(Scraped caption text data)
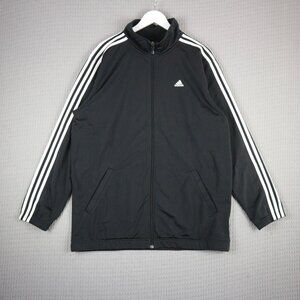 2005 Adidas Classic Black Track Jacket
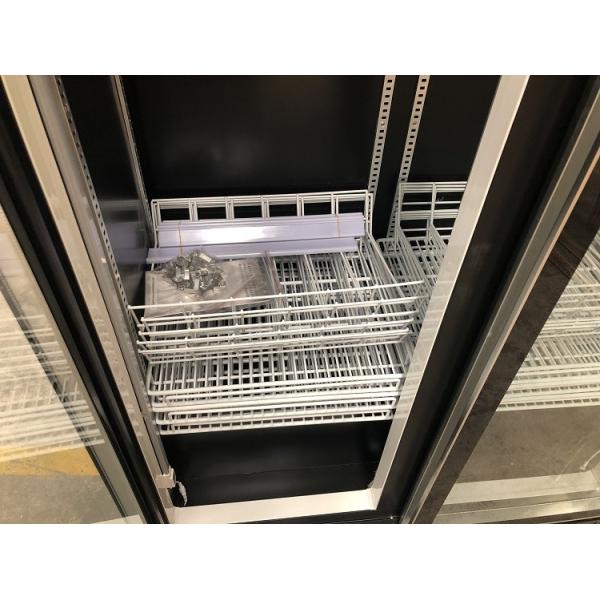 Bar LED Vertical Refrigerator Glass Door Display Cooler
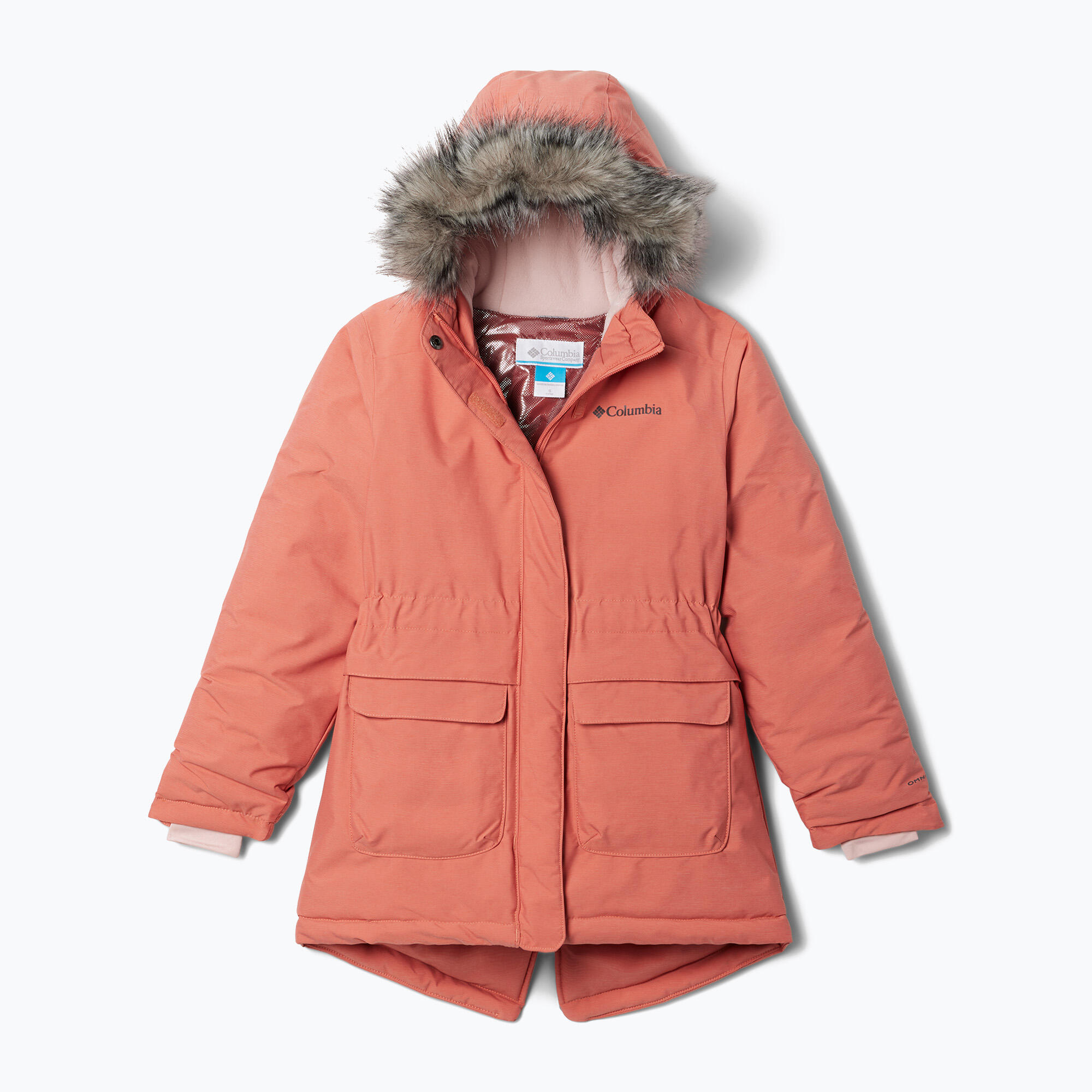 Veste d'hiver enfant Columbia Nordic Strider 4/4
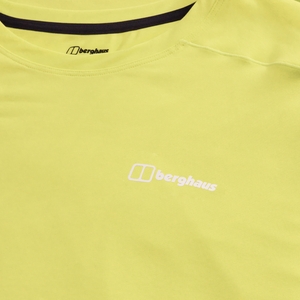 Berghaus Delta Kurzarm-Shirt für Herren - Gelb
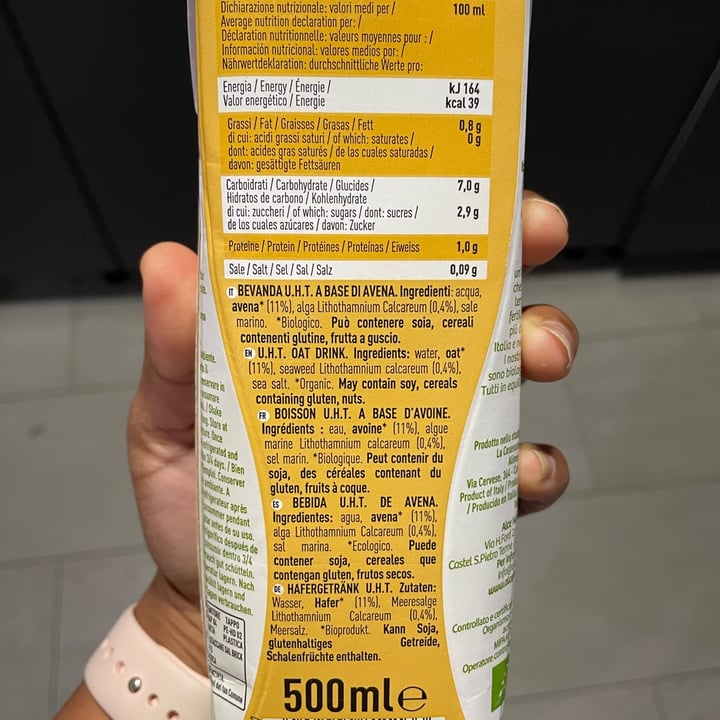 review photo of Alce Nero Bevanda a Base di Avena shared by @vic-victoria on 30 May 2022 - review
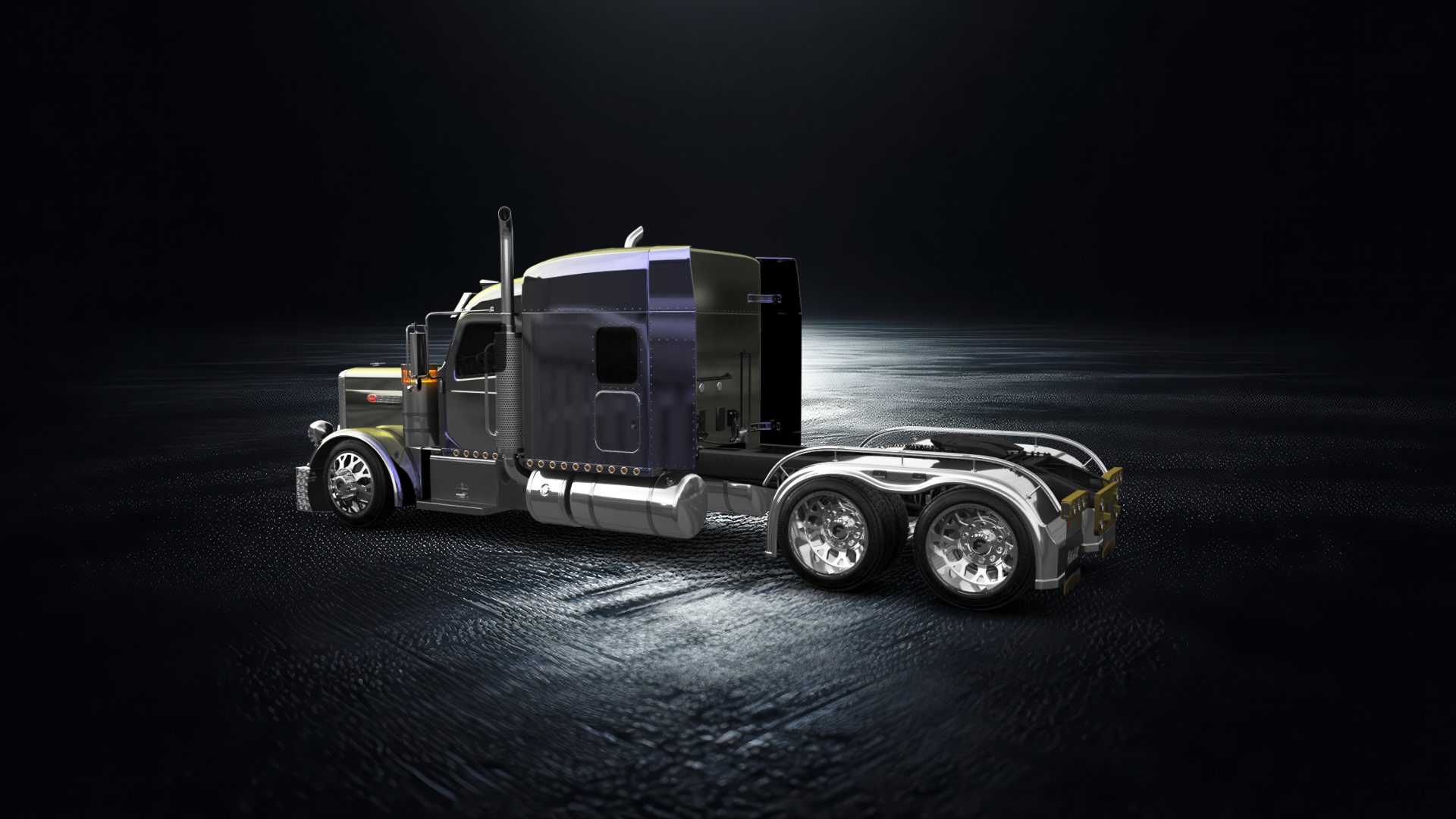 Peterbilt 589 Sleeper Cab Truck 2024 Images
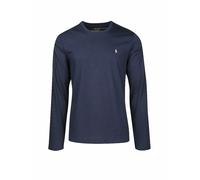 POLO RALPH LAUREN Pyjama Langarmshirt Cruise Navy dunkelblau | XXL
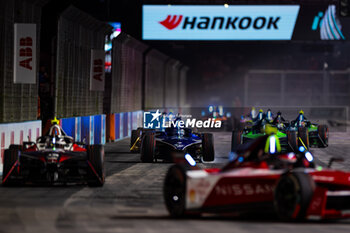 2024-07-21 - 07 GUNTHER Maximilian (ger), Maserati MSG Racing, Maserati Tipo Folgore, action during the 2024 Hankook London ePrix, 10th meeting of the 2023-24 ABB FIA Formula E World Championship, on the ExCeL London from June 18 to 21, 2024 in London, United Kingdom - 2024 FORMULA E LONDON EPRIX - FORMULA E - MOTORS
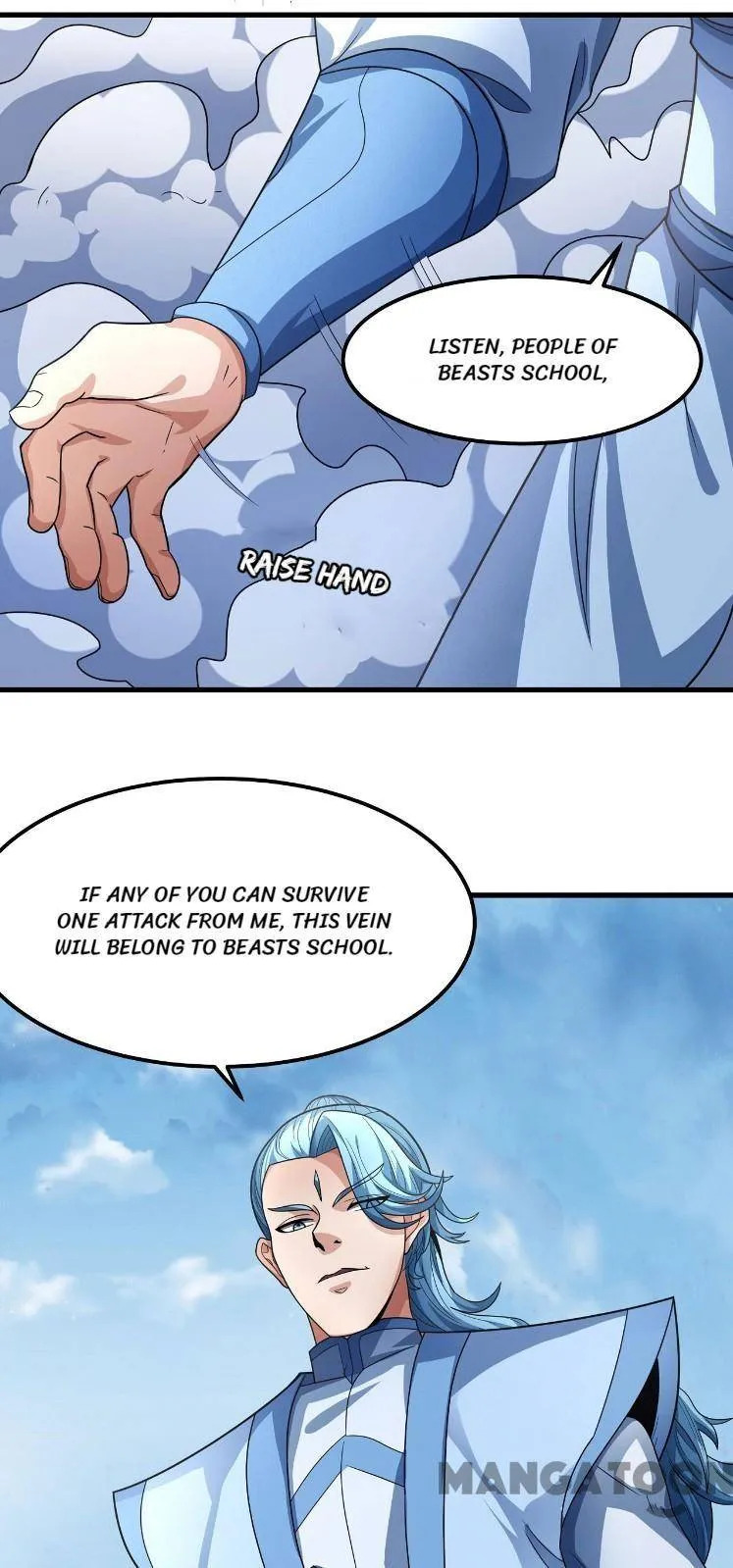 God of Martial Arts Chapter 480 Page 32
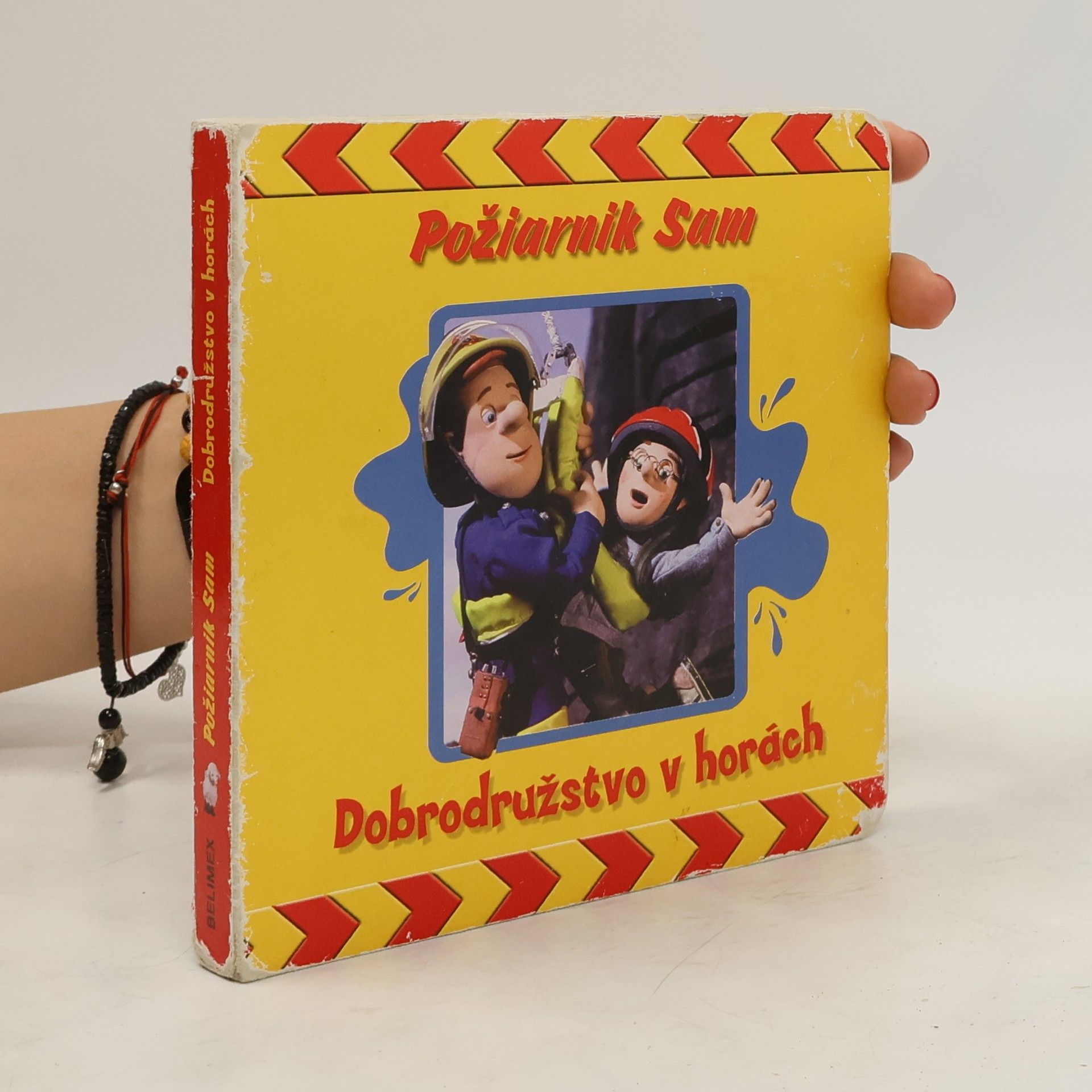 Andrea Dvorská Požiarnik Sam: Dobrodružstvo v horách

ABOUT THIS EXERCISE: Could you output all of the entries above exactly? Leave the pictures out.

SOLUTION FOR THIS TASK:
 2005 Adidas Classic Black Track Jacket
 Bar LED Vertical Refrigerator Glass Door Display Cooler
 Veste d'hiver enfant Columbia Nordic Strider 4/4
 Berghaus Delta Kurzarm-Shirt für Herren - Gelb
 review photo of Alce Nero Bevanda a Base di Avena shared by @vic-victoria on 30 May 2022 - review
 Peterbilt 589 Sleeper Cab Truck 2024 Images
 POLO RALPH LAUREN Pyjama Langarmshirt Cruise Navy dunkelblau | XXL
 2024-07-21 - 07 GUNTHER Maximilian (ger), Maserati MSG Racing, Maserati Tipo Folgore, action during the 2024 Hankook London ePrix, 10th meeting of the 2023-24 ABB FIA Formula E World Championship, on the ExCeL London from June 18 to 21, 2024 in London, United Kingdom - 2024 FORMULA E LONDON EPRIX - FORMULA E - MOTORS
 God of Martial Arts Chapter 480 Page 32
 Andrea Dvorská Požiarnik Sam: Dobrodružstvo v horách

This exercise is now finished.